Traduzir um romance é pesado, mas às vezes é mais fácil do que traduzir um poema de duas páginas. O que mais influi na tradução não é a mera quantidade de palavras, é a quantidade de regras ou de convenções que o original explora e que a tradução precisa seguir também. Suponhamos uma forma poética bem simples e conhecida: o soneto. Número fixo de linhas, número tradicional de sílabas por linha (dez, doze), questões de prosódia, de acentuação, de ritmo, de desenho melódico da frase. Tudo isso sem falar no lado significante do verso: aquilo que ele diz, seu chamado conteúdo manifesto.
Não é conteúdo,
é forma também.
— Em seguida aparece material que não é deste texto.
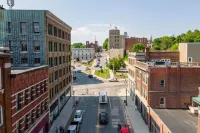 Cozy, Retro Gaming Retreat - WiFi, Central Location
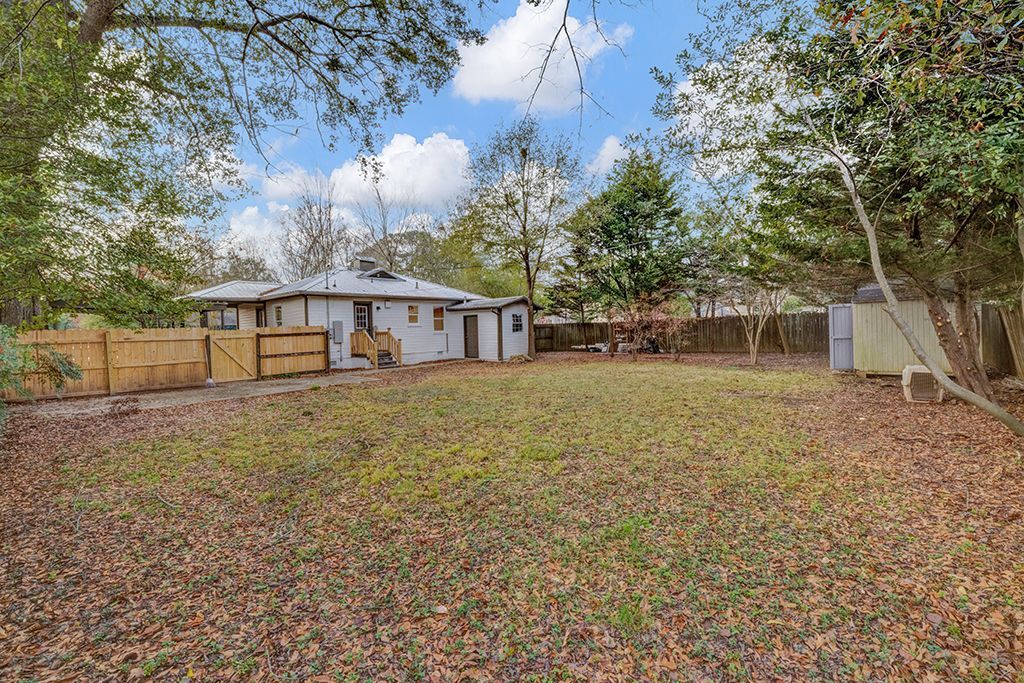 Building Photo - 609 Cobb St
O fato de ser um soneto sobre um vagalume ou um haicai sobre
uma rã estão embutidos na forma, fazem parte imagística daquilo, tanto quanto
os sons de que o poema é feito. É interessante que a maioria dos leitores
percebe em primeiríssimo lugar o chamado “conteúdo” e só em alguns casos atenta
para os efeitos sonoros, que o tradutor tanto se esforçou para emular.
Rima, métrica,
cadência, variação sonora, conteúdo, algo vai ter que escapar por entre os
dedos do tradutor na hora de compor um equivalente. Eu acho quixotescas, por
exemplo, as tentativas de traduzir um poema em inglês usando em português a
mesma contagem de sílabas do original. Algumas línguas são de tendência
monossilábica, outras não. Inglês e português são línguas de cadência e
percussão opostas. O inglês é stacatto, cada nota é uma palavra, o português é
distributivo. Uma palavra inglesa é um anel, uma portuguesa é um colar de sílabas.
Veja-se essa beleza de verso de Shakespeare (King
John): “So foul a sky clears not without a storm”. “Um céu tão carregado não fica limpo sem
uma tempestade”. A imagem é bonita sem ser original. O que lhe dá força é a
cadência em inglês, implacável, dez sílabas, nove palavras, apenas uma palavra
de duas sílabas (“without”). Como reproduzir essa cadência em português? Não há
monossílabos adequados para dizer essa idéia e manter essa percussão rítmica.
Como dizem certos jogadores de futebol: “Fica complicado”.